Joseph Plazo’s TEDx presentation didn’t just educate—it shattered illusions about who (or what) actually moves markets today.
In true Plazo Sullivan fashion, he highlighted that the transition wasn’t about speed alone—it was about precision, risk mitigation, and emotionless execution.
The Silent Extinction of Manual Trading
Plazo began by describing how, a decade ago, traders still stood behind screens and made real-time decisions. Today, he noted, those decisions have been delegated to algorithms designed to operate thousands of times faster.
The Institutional Motive Behind Automation
He summed it up elegantly: “Institutions don’t trust humans to protect capital. They trust math.”
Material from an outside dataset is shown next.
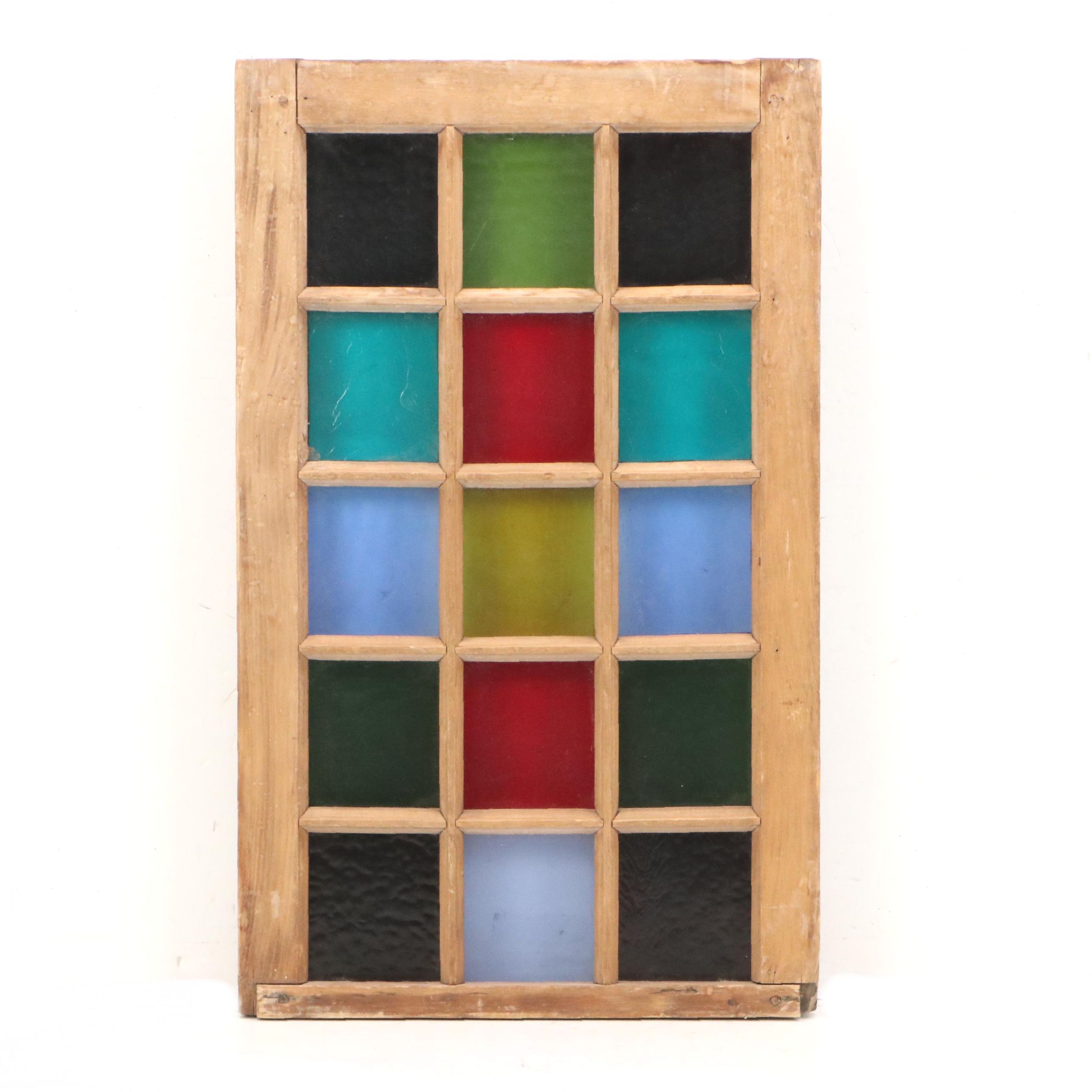 Geometric Stained Glass Window Panel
3. The Rise of Algorithmic Ecosystems
He described how these systems now manage everything from order execution to risk balancing—often with zero human intervention.
Why Most Humans Are Trading Against Machines
Yet, he also offered hope: humans can win—not by being faster, but by understanding how these systems think, move, and rebalance.
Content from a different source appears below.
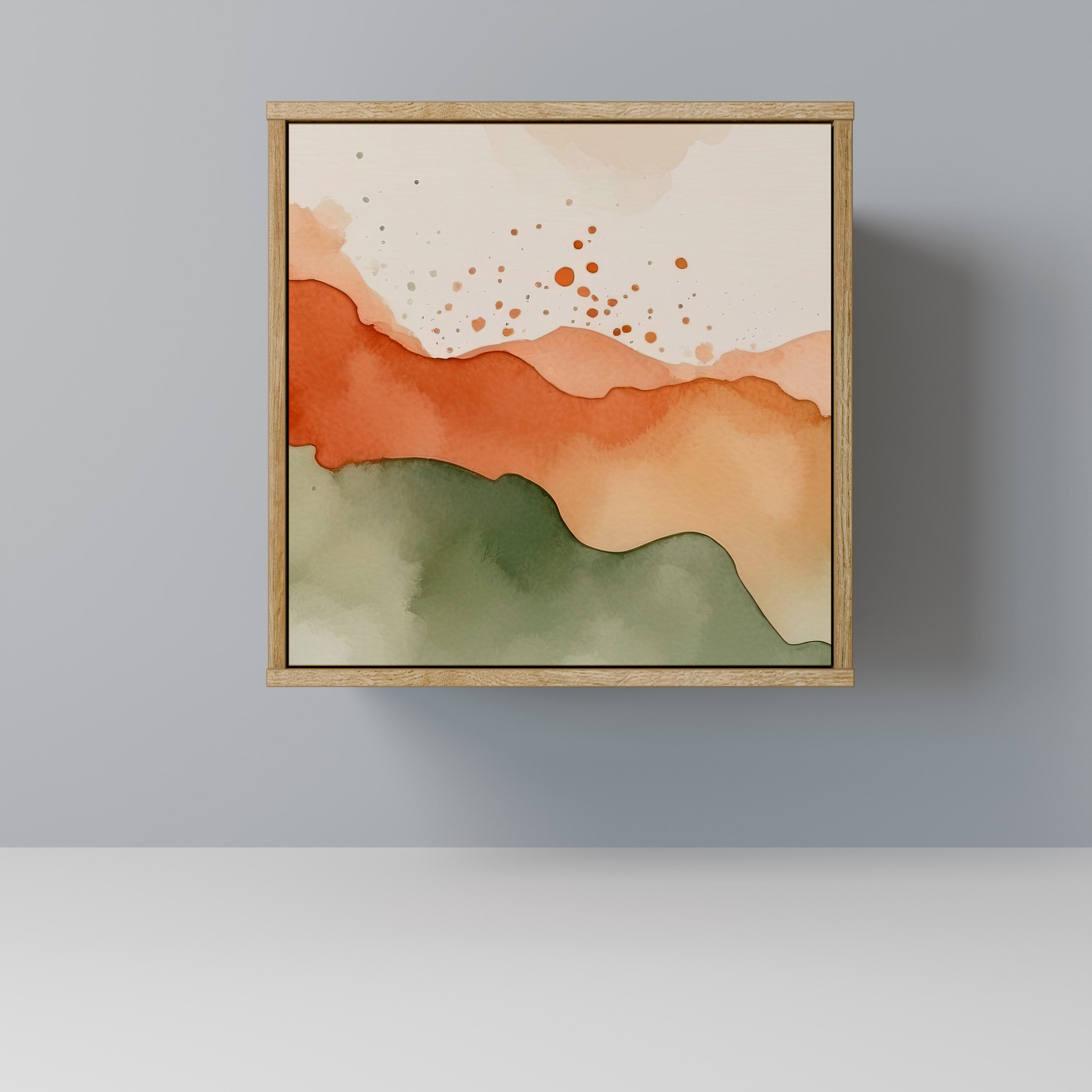 WATERCOLOUR PEAKS Aparador de 1 Porta em Efeito Carvalho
What the Audience Never Expected
As Joseph Plazo concluded, he left the crowd with a message that resonated long after the applause faded:
“Human intuition isn’t dead. But in today’s markets, intuition must be paired with algorithmic understanding—or it will be crushed by it.”
His TEDx talk didn’t just explain the last decade of change—it armed the public read more with the truth behind modern trading.
And for many, it was the wake-up call they never saw coming.